Work order => Which lines of the records hold the string "colorful"? Report only how many of them there are.

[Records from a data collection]
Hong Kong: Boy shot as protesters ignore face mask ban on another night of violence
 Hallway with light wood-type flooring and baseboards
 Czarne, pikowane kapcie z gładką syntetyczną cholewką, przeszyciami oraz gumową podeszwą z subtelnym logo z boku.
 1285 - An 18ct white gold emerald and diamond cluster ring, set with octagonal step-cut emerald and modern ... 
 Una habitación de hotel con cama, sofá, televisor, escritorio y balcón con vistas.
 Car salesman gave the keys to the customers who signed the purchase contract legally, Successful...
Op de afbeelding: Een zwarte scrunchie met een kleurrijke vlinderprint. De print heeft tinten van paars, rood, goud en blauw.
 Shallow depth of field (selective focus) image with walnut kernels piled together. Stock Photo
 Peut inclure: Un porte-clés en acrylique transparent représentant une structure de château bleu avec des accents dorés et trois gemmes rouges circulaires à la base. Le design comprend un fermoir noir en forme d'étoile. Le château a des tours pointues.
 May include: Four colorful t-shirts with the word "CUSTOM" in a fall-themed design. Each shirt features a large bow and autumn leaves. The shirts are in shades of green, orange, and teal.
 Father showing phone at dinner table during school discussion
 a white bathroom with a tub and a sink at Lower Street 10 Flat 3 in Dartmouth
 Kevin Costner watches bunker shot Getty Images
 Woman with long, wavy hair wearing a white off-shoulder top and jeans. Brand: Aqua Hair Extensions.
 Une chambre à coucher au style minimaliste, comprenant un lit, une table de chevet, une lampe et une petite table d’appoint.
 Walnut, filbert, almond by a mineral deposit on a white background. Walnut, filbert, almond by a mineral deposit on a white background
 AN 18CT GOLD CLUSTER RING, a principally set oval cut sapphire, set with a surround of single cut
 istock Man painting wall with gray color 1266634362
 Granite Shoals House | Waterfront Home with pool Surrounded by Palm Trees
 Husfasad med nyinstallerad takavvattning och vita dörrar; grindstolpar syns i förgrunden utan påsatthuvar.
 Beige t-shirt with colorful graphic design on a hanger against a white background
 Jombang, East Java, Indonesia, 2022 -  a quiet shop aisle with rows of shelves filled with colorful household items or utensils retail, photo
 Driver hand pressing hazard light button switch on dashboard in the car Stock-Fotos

Solution => 3